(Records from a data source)
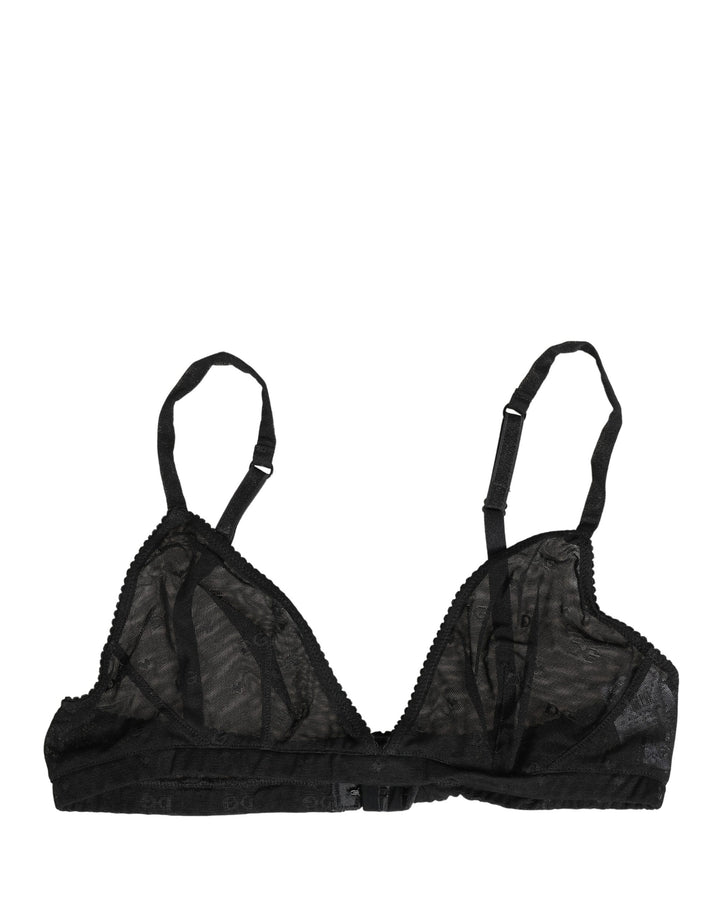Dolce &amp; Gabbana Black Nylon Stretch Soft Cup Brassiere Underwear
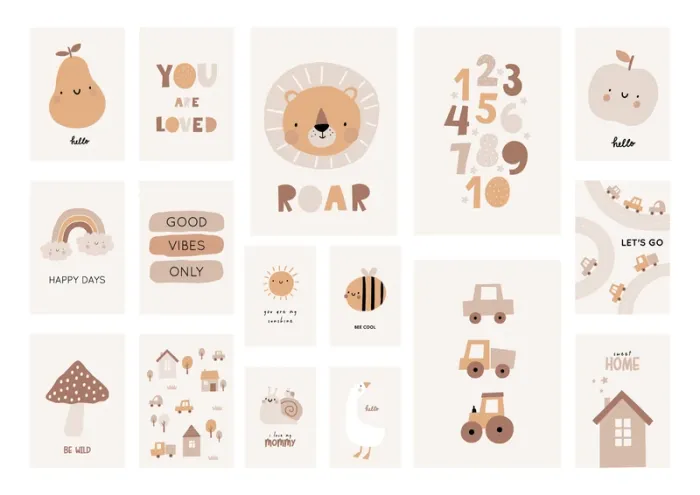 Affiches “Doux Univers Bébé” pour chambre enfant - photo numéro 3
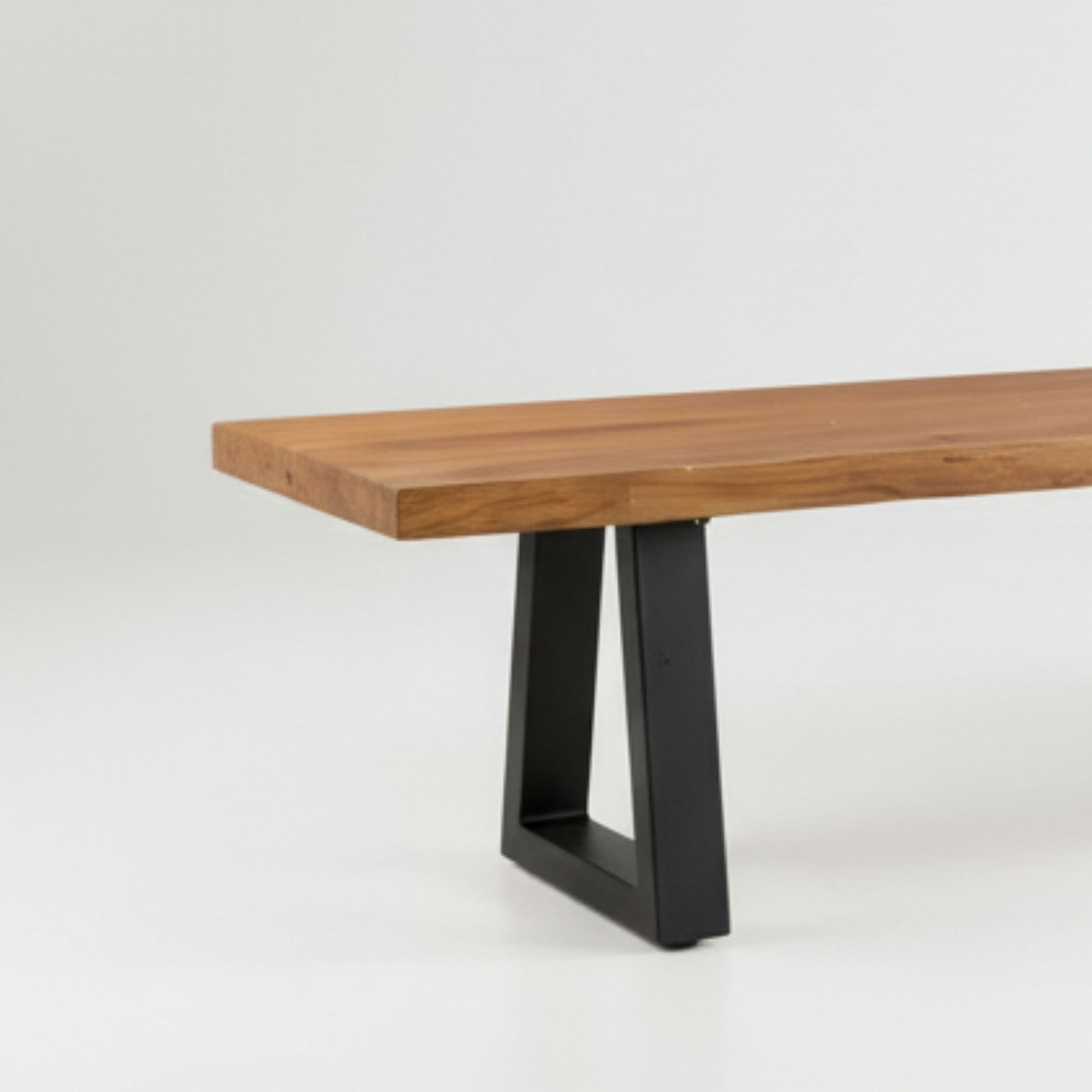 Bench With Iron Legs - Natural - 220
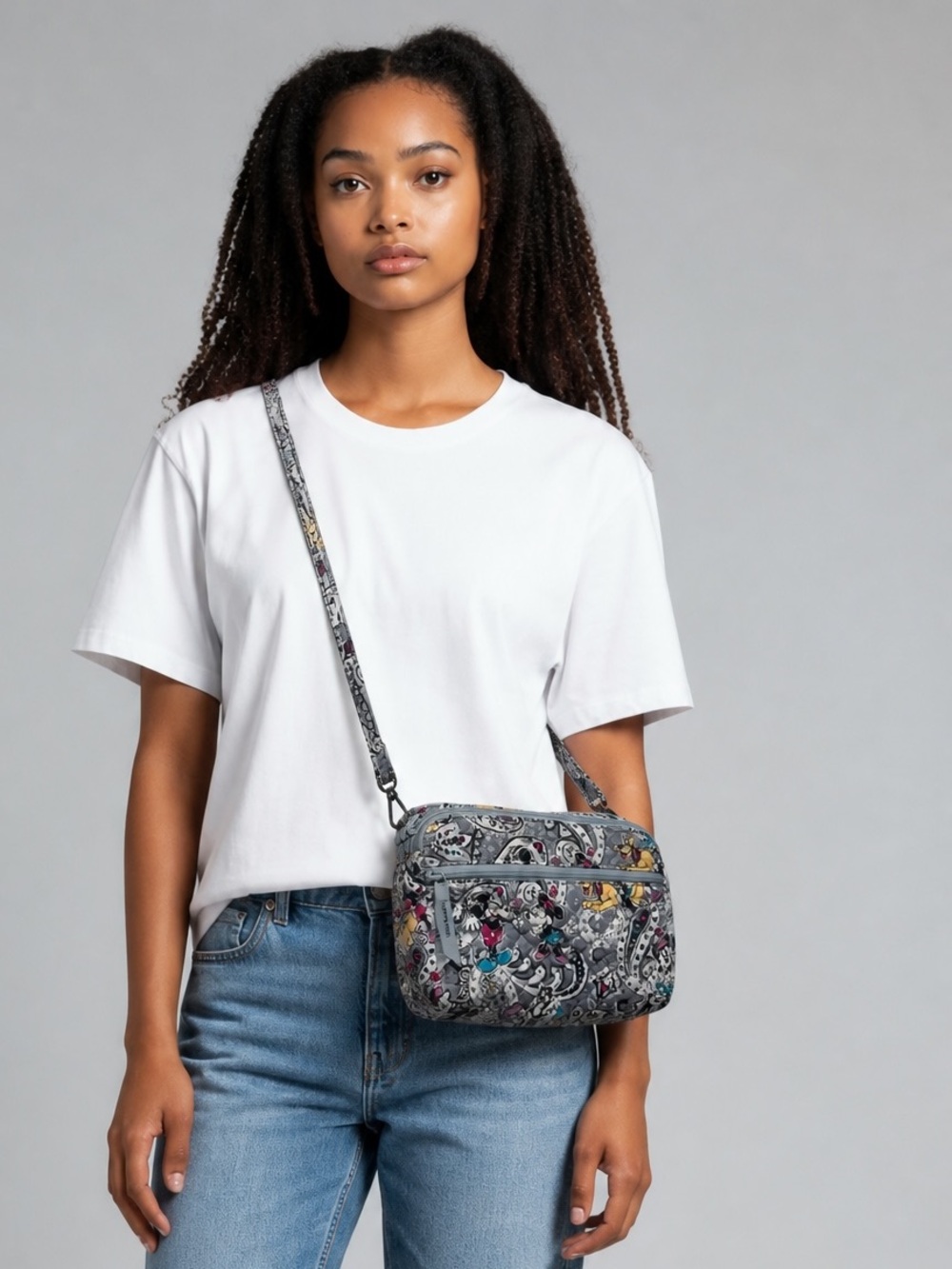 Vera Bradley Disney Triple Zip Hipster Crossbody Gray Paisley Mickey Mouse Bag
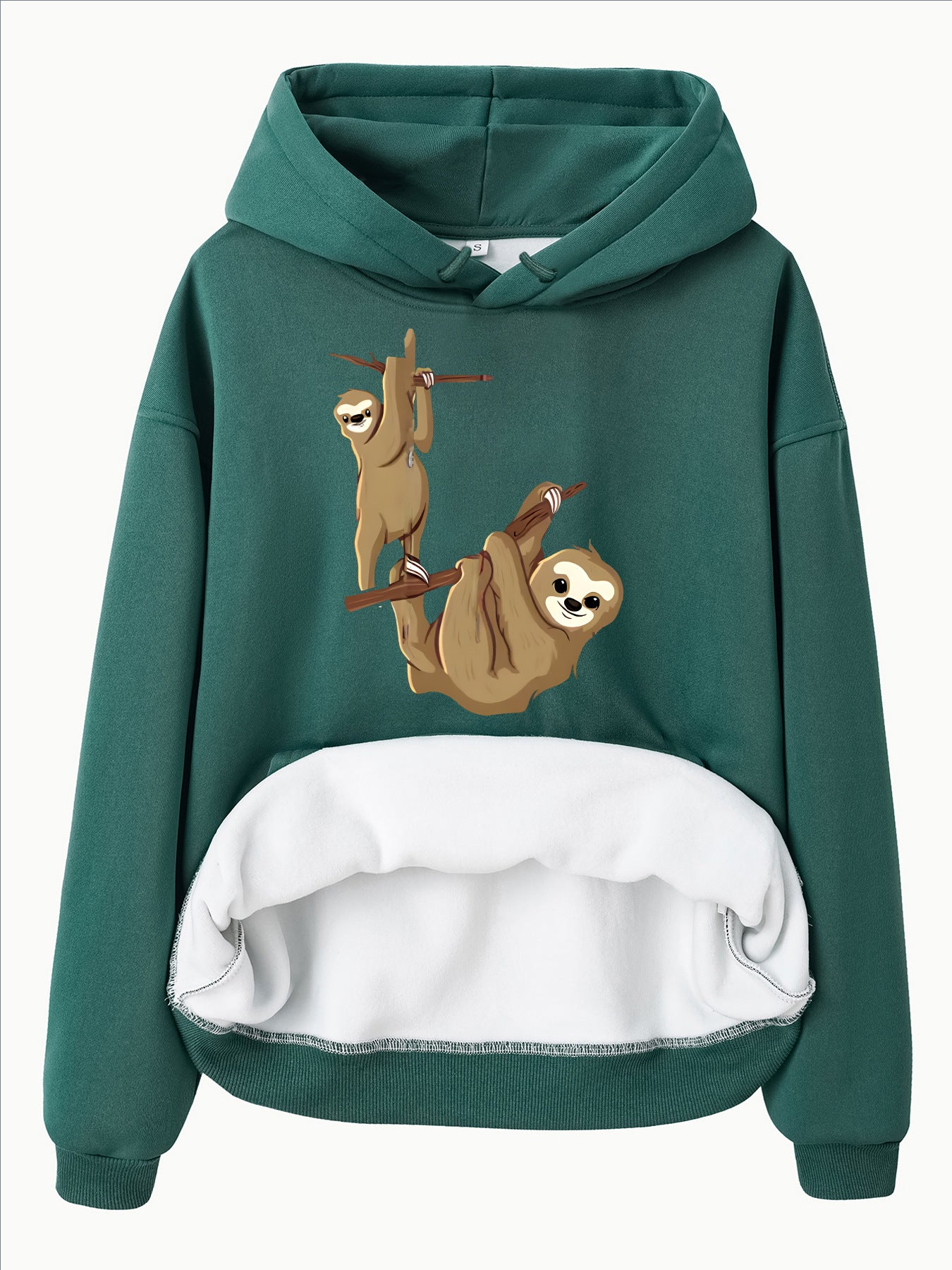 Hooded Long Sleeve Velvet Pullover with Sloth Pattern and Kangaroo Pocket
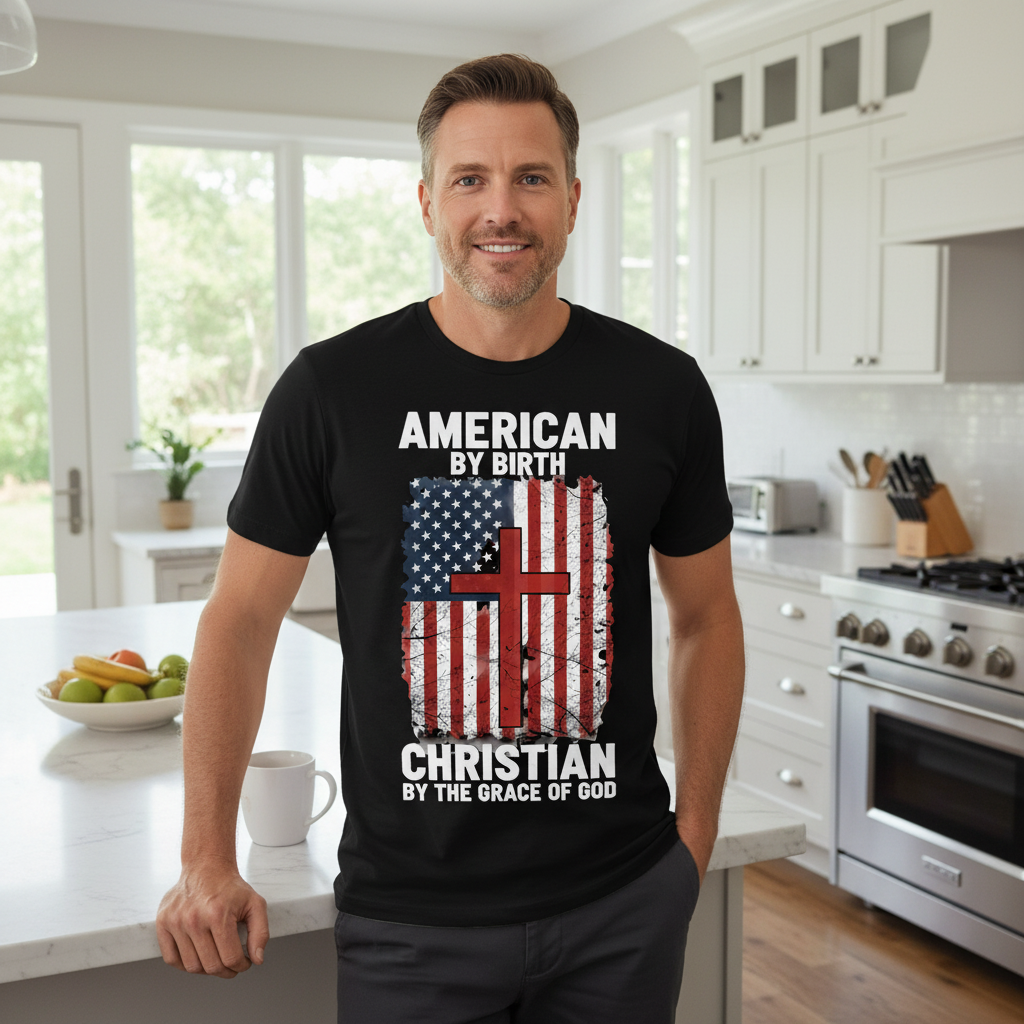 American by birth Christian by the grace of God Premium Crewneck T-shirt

**ASSIGNED TASK:** The data needs to be reproduced exactly, please, apart from its pictures.

**THE COMPLETED TASK:**
Dolce &amp; Gabbana Black Nylon Stretch Soft Cup Brassiere Underwear
 Affiches “Doux Univers Bébé” pour chambre enfant - photo numéro 3
 Bench With Iron Legs - Natural - 220
 Vera Bradley Disney Triple Zip Hipster Crossbody Gray Paisley Mickey Mouse Bag
 Hooded Long Sleeve Velvet Pullover with Sloth Pattern and Kangaroo Pocket
 American by birth Christian by the grace of God Premium Crewneck T-shirt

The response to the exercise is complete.